Claudia Cristina dos S. Abrosio, Vitória Machado de Madureira / Tributário

03 de maio de 2024

Por Claudia Abrosio e Vitória Machado de Madureira

Observando os atuais padrões de consumo e os avanços tecnológicos, a cada ano, a capacidade de regeneração dos recursos naturais pela Terra diminui e o "dia da sobrecarga" se aproxima. Nessa velocidade, para atender às demandas de consumo da humanidade, estima-se ser necessário cerca de 1,7 planetas1.

Esse cenário merece atenção especial do Poder Público e da sociedade, no intuito de promover ações que acompanhem as necessidades do mercado globalizado e as suas inovações, em conjunto com mecanismos que contribuam verdadeiramente com a evolução de práticas sustentáveis.

Nesse contexto, a preocupação com a exploração dos recursos naturais teve seu marco, ainda que tímido, na Constituição Federal (CF) de 1934, a qual trouxe disposições sobre a proteção às belezas naturais e a competência concorrente à União e aos Estados para assegurá-las.

Com a CF de 1988 (art. 225), assegurou-se o direito ao meio ambiente ecologicamente equilibrado como um bem de uso comum da sociedade, e se implementou, em contrapartida, o dever de preservação não somente pela sociedade, mas também pelo Poder Público, que pode exercê-lo por meio da interdisciplinaridade entre as políticas públicas e fiscais.

No âmbito do Direito Tributário, a instituição e a arrecadação de tributos têm por função principal angariar fundos para a concretização das atividades pela Administração Pública.

No entanto, por meio do mecanismo extrafiscal, é possível que determinados tributos tenham finalidade diversa da arrecadatória, com o principal objetivo de induzir ou inibir ações prestigiadas na Lei Maior, compreendendo, por exemplo, o meio ambiente.

Na prática, a extrafiscalidade pode ser inserida de diversas formas: instituição e graduação de tributos, técnicas de progressividade e diferenciação de alíquotas, concessão de isenções e outros incentivos fiscais.

Nesse contexto, a seletividade é regra constitucional e representa um critério de tributação que age por meio da discriminação ou de um sistema de alíquotas diferenciadas, de acordo com a espécie do produto e o seu impacto.

A tributação extrafiscal ambiental não é novidade no Brasil. Por exemplo, de acordo com o art. 153, §3°, da CF, o IPI será seletivo em função da essencialidade do produto. O ICMS, por outro lado, a partir das mercadorias e dos serviços, com base no art. 155, §2°, III.

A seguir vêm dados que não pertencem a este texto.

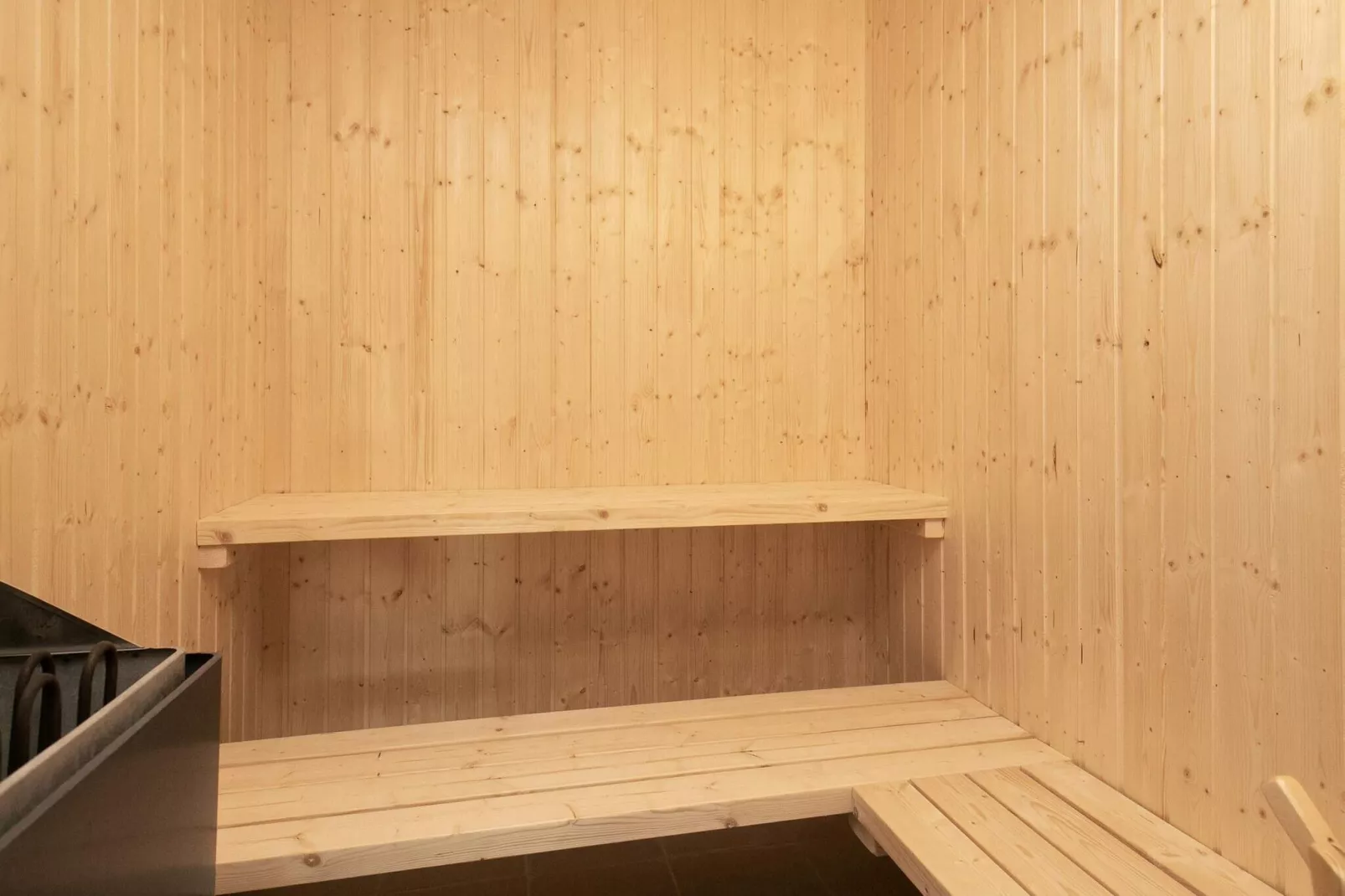 Luxe retraite in Skagen -- By Traum Ferienwohnungen-Sauna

Nos debates da reforma tributária, a EC nº 132, de 20.12.23, trouxe uma interessante reflexão nesse sentido ao instituir a progressividade de alíquotas do IPVA, conforme art. 155, §6º, II, mediante a instituição de alíquotas diferenciadas em função do tipo, do valor, da utilização e do impacto ambiental, fator este que tem trazido o desenvolvimento de programas automotivos interessantes, como o caso do Programa MOVER, que prevê alguns benefícios de IPI e Imposto de Importação.

Outra novidade curiosa é a instituição do Imposto Seletivo (IS). Previsto no art. 153, VIII, o "imposto sobre o pecado" estende a incidência da seletividade para a produção e a comercialização dos bens ou serviços prejudiciais à saúde e ao meio ambiente como um todo, com a finalidade de desestimular o consumo.

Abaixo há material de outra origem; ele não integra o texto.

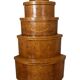 Hatter's furniture
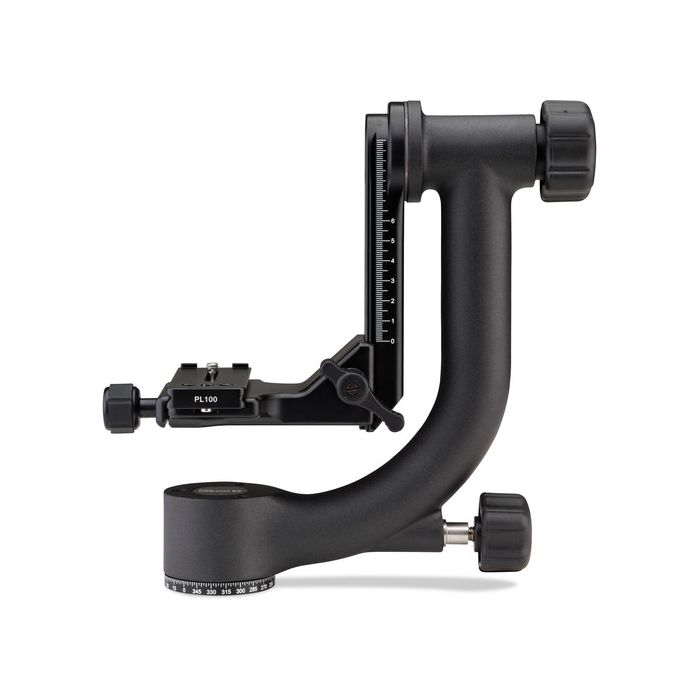 Benro GH2 Gimbal Head (GH2)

Nessa toada, o Projeto de Lei Complementar (PLP) nº 29, apresentado no dia 19.03.24 e ainda pendente de análise das Comissões na Câmara dos Deputados, objetiva a regulamentação do IS no tocante ao seu caráter extrafiscal, além de regulamentar os procedimentos gerais para sua instituição.

Referido projeto assegura, dentre outros pontos, nos termos do seu art. 4º, que as alíquotas serão instituídas a cada um dos produtos e serviços ou seus respectivos grupos, a serem definidos em Lei Ordinária específica, de acordo com sua essencialidade e o grau de nocividade à saúde e ao meio ambiente. A aplicação, como já era o esperado, será faseada e gradual durante o período de 2027 e 2033, sendo assegurada a não incidência do IS em sua própria base de cálculo e a sua não-cumulatividade.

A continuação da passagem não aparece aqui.